While modern genetic techniques and careful data collection will continue to advance genetic and epidemiologic studies of asthma, the insight gained from examining individual factors is limited. Already, the number of factors known to contribute to asthma is large and growing. A holistic view of this complex disease will not be possible without understanding the interactions between these factors and the pathways through which they work. Careful collection of genetic and environmental, as well as social and psychological data is necessary to assess their interaction. In this setting, the use of race as a surrogate for complex genetic, environmental and psychosocial factors can be beneficial. This will enable effective strategies for the amelioration of health disparities.

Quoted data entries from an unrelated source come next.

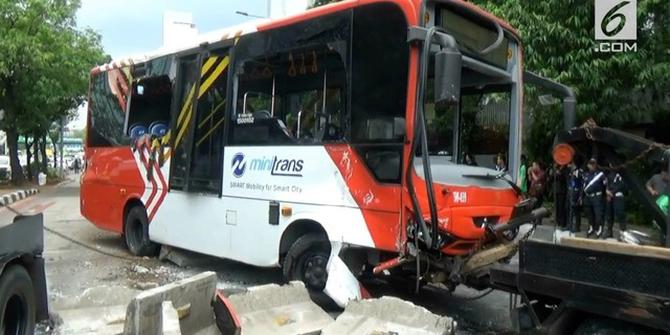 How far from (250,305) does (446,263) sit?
171 centimetres

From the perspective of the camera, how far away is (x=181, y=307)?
4238 millimetres

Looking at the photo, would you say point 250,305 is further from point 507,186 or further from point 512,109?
point 512,109

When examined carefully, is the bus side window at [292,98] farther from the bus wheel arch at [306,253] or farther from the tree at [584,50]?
the tree at [584,50]

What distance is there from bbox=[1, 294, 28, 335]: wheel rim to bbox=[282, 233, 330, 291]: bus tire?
2.64 meters

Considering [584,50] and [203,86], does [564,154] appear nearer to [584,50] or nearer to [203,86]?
[203,86]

To date, much attention has been devoted to the idea of elucidating as many factors that contribute to asthma as possible, with the prospect of developing personalized medicine based on genotype and specific exposures. Though exciting, this is still impractical for complex diseases like asthma, because of the many contributing and interacting factors that modify disease risk (Figure 2) . Contemplating the number of possible causes that have been identified thus far and the number of possible multi-level interactions between them is a daunting task. The use of variables such as race, ethnicity and social class as surrogates for unmeasured factors, however, may enable investigators to identify interactions that have practical value for identifying and treating asthma in high-risk groups. Even if it were practical to fully genotype an individual, identify all known environmental exposures and account for the interactions between genetics and the environment, race, ethnicity and social class will continue to serve as valuable proxies for unknown factors. As such, these variables will remain important and independent contributors to health and disease. Despite suggestions that race and ethnicity should not be reported in biomedical research and are purely social constructs [89, 90], the need for their reporting and investigation as predictive variables is clear: as long as researchers are using our current methods for measurement of genetic, environmental and psychosocial variables, race and ethnicity will not become a moot point.